Para Murad, a autonomia do Banco Central serve como chave para decisões monetárias baseadas em critérios técnicos, o que ajuda a manter uma política monetária coerente e independente. “A redução das taxas de juros nos Estados Unidos também pode ajudar a aliviar a pressão sobre o dólar, mas essa é uma variável externa sobre a qual o governo brasileiro tem pouco controle”, completa.
Já o head de tesouraria do Travelex Bank, Marcos Weigt, aposta que essas mudanças prometidas pelo governo devem fazer o dólar se consolidar em torno de R$ 5,30. Ele reflete também que no cenário exterior há perspectiva de queda da taxa de juros, prevista para o final do ano. Para que o dólar volte ao patamar de R$ 5 ou abaixo disso, ele explica, é preciso ver ações concretas. “Observamos a intenção de implementar essas medidas, e à medida que percebermos a transição da intenção para a prática, o dólar pode facilmente atingir os R$ 5. Se houver ações concretas para reduzir os gastos, isso contribui para a valorização do real”, diz.
Vantagens da queda do dólar
- Uma das vantagens mais imediatas da queda do dólar é a redução no custo das importações, explica o economista e diretor da agência de turismo Mundi, Daniel Soares. Isso quer dizer que produtos e matérias-primas provenientes do exterior tornam-se mais acessíveis, beneficiando consumidores e empresas que dependem de insumos importados.
- Esse fenômeno pode se refletir em preços mais baixos para uma variedade de bens, desde eletrônicos até alimentos. “Com a diminuição dos custos das importações, a pressão inflacionária tende a ser contida. Produtos mais baratos ajudam a manter a inflação sob controle, permitindo que os consumidores mantenham seu poder de compra. Isso é especialmente importante em economias onde a inflação é uma preocupação constante”, diz Soares.
- Além disso, o especialista analisa que países com dívidas denominadas em dólares podem se beneficiar da desvalorização da moeda americana. “A queda no valor do dólar reduz o peso dessas dívidas, facilitando o pagamento e melhorando a posição fiscal do país. Esse alívio pode permitir uma maior flexibilidade fiscal para investimentos em infraestrutura e outros setores essenciais.

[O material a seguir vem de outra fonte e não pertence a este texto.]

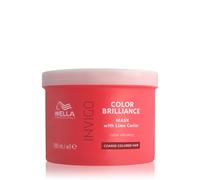 Wella Professionals Invigo Color Brilliance Vibrant Color Coarse Mascarilla capilar 500 ml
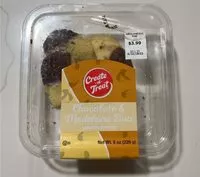 Mängden socker i Chocolate and madeleine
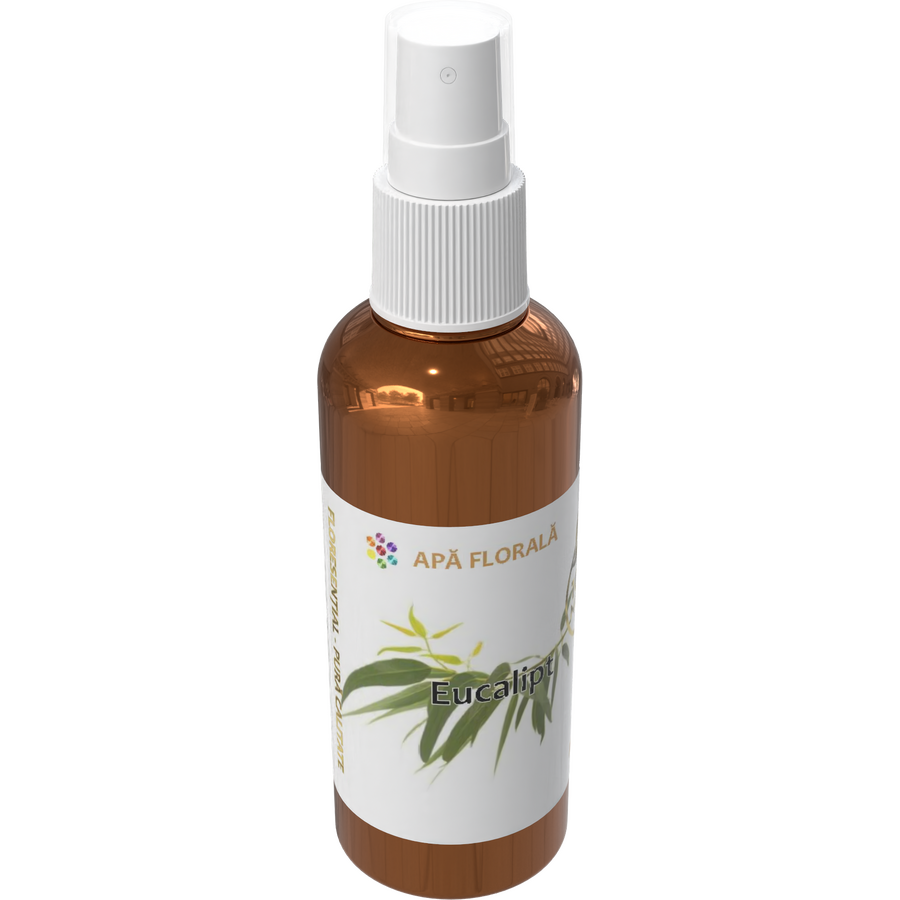 Oferte la Apa Florala cu Eucalipt 100ml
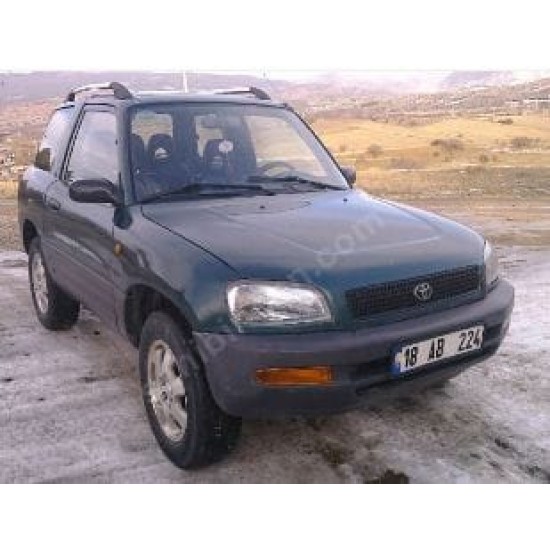 TOYOTA RAV4- 94/00; ARAÇ BİLGİLERİ VE RESİMLERİ - Yedek Parça | Parça Dükkanda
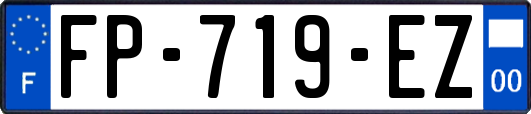 FP-719-EZ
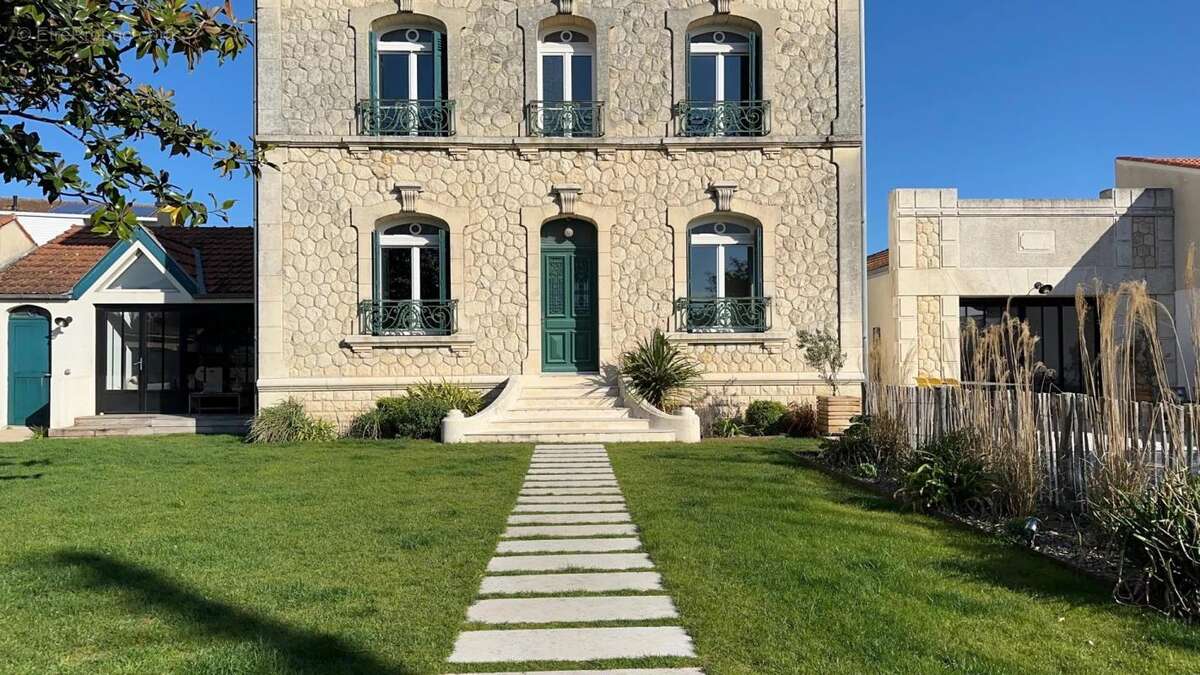 Maison à CHATELAILLON-PLAGE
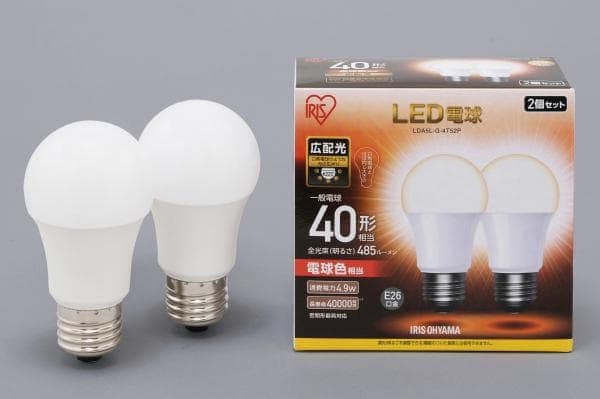 E26 広配光タイプ｜E26｜LED電球｜照明｜電化製品｜商品情報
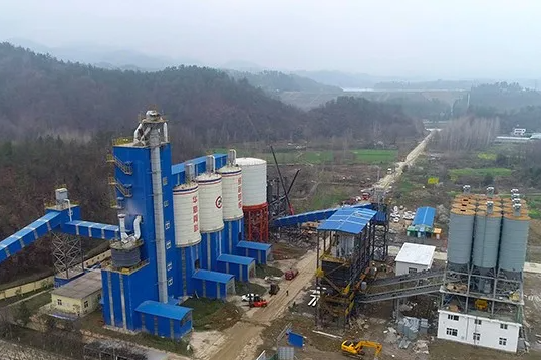 華新水泥半年盈利24.38億，銷售砂石骨料1617萬(wàn)噸同比增長(zhǎng)93%，成為持續(xù)擴(kuò)張重點(diǎn)！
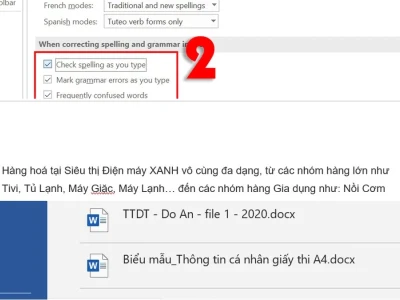 Chỉnh sửa lỗi chính tả: Công cụ nào thực sự hiệu quả?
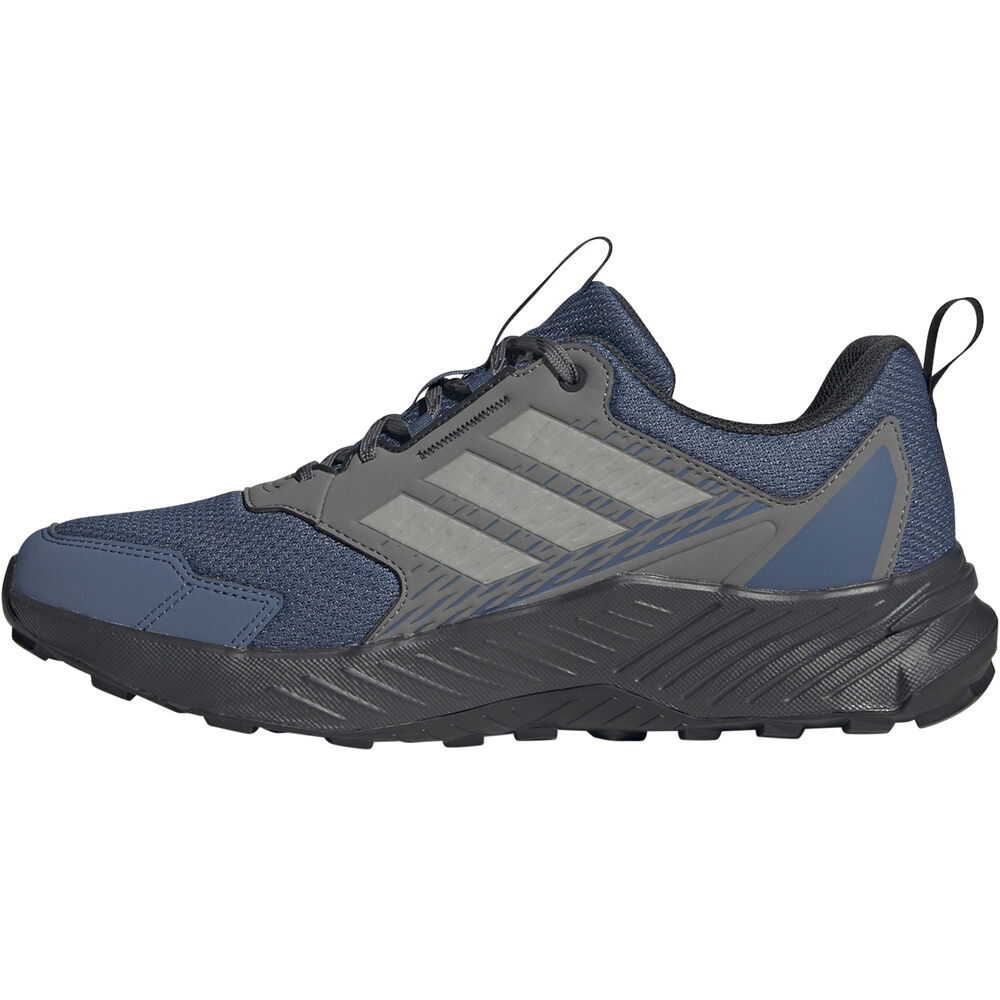 adidas zapatillas trail hombre TERREX TRACEFINDER 2 AZUL puntera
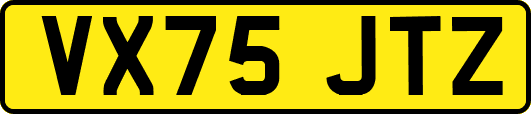 VX75JTZ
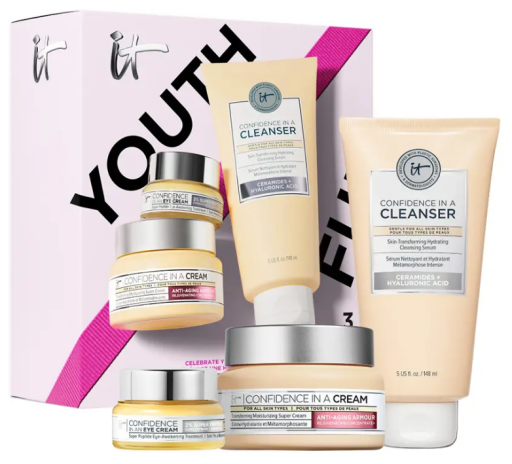 It Cosmetics Confidence Cr&egrave;medoosje 3 stuks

A maior acessibilidade a produtos importados também pode aumentar o poder de compra dos consumidores, estimulando o consumo interno e, consequentemente, a economia”, afirma o economista.
Desvantagens da queda do dólar
- Um dólar mais fraco torna os produtos exportados mais caros para os compradores estrangeiros, o que pode reduzir a competitividade das exportações. Empresas que dependem fortemente de exportações podem sofrer com a queda na demanda internacional, levando a uma redução na receita nacional proveniente do comércio exterior. Isso pode impactar negativamente o balanço de pagamentos e, consequentemente, a economia como um todo.

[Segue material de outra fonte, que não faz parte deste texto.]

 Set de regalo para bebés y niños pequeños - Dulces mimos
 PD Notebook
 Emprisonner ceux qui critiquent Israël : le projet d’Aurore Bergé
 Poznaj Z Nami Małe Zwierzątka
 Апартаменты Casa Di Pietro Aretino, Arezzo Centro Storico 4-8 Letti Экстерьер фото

- “Com as exportações mais caras e possivelmente reduzidas, a balança comercial pode se deteriorar, resultando em um déficit comercial”, pontua o analista financeiro da Mais Crédito, Carlos Vieira. Segundo ele, isso significa que o país está importando mais do que exportando, o que pode ser insustentável a longo prazo. Produtos importados mais baratos podem desencorajar a produção local, já que os consumidores podem preferir produtos estrangeiros mais acessíveis. “Isso pode prejudicar indústrias nacionais e levar a uma menor geração de empregos”, completa.

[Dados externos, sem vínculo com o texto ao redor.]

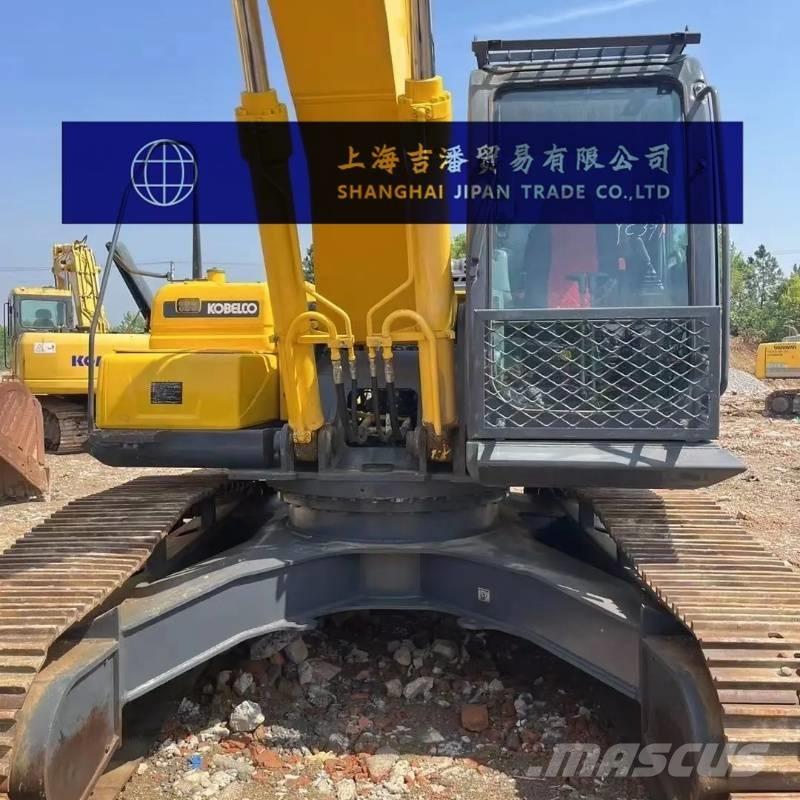 Kobelco 260 Excavadoras de cadenas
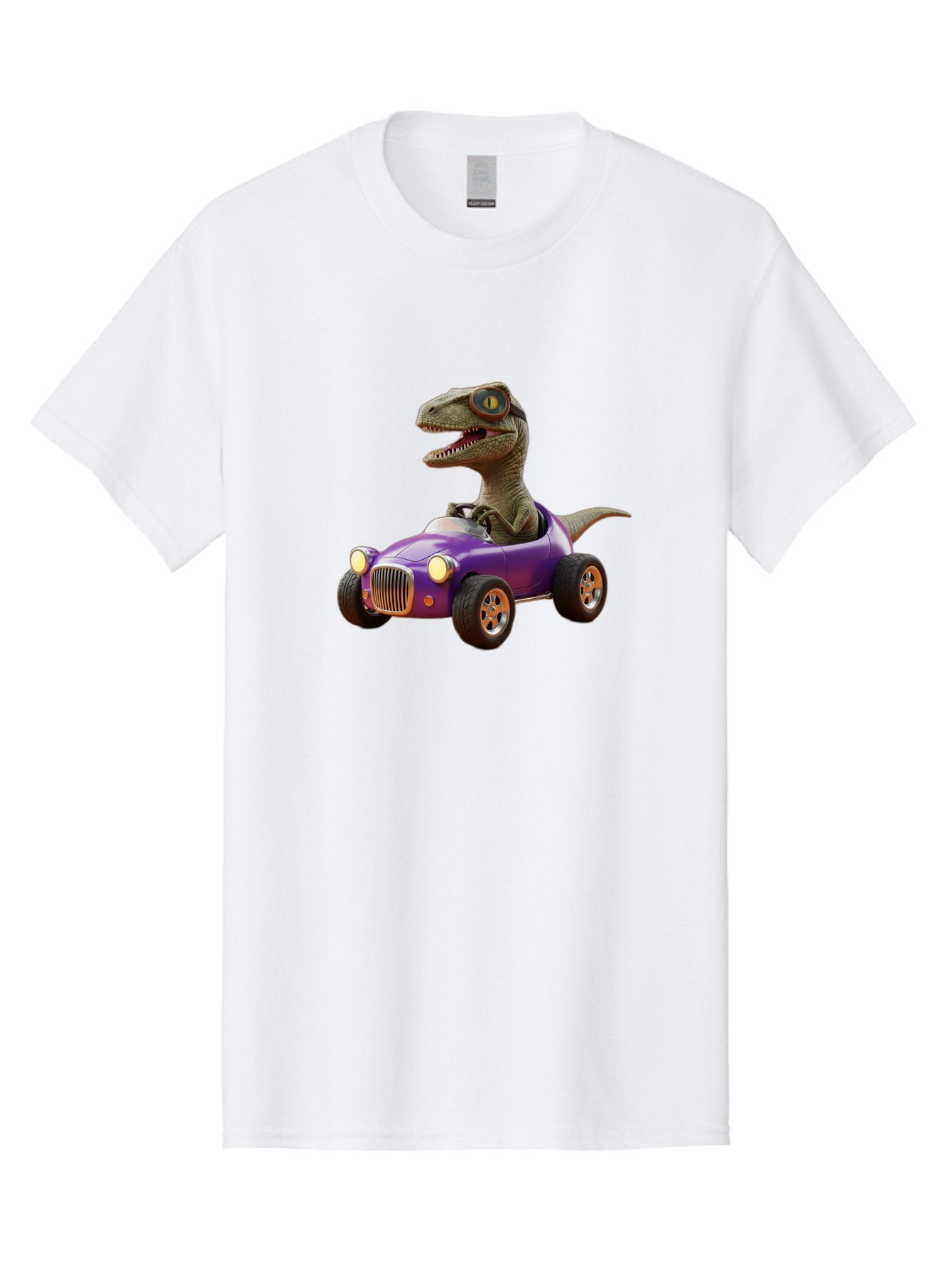 Dinosaur-In-Purple-Car Men'S Graphic Tee, 100% Cotton, Comfortable Casual Summer Wear, Machine Washable, Vintage Camera, Old Camera, Antique Camera, Black Camera, Classic Photography, Photography Equipment, Nostalgic Device, Film Camera, Bah932 13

- Para Vieira, empresas e governos que tomaram empréstimos em dólares também podem sair prejudicadas, já que elas devem ver suas dívidas aumentarem em termos da moeda local quando o dólar se desvaloriza. “Isso pode pressionar ainda mais as finanças públicas e privadas. Flutuações significativas na taxa de câmbio podem criar incerteza e volatilidade nos mercados financeiros, afetando negativamente a confiança dos investidores e consumidores. Se um país mantém grandes reservas de dólares, a desvalorização da moeda pode diminuir o valor dessas reservas, impactando a capacidade do país de lidar com crises econômicas e financeiras”, diz o analista.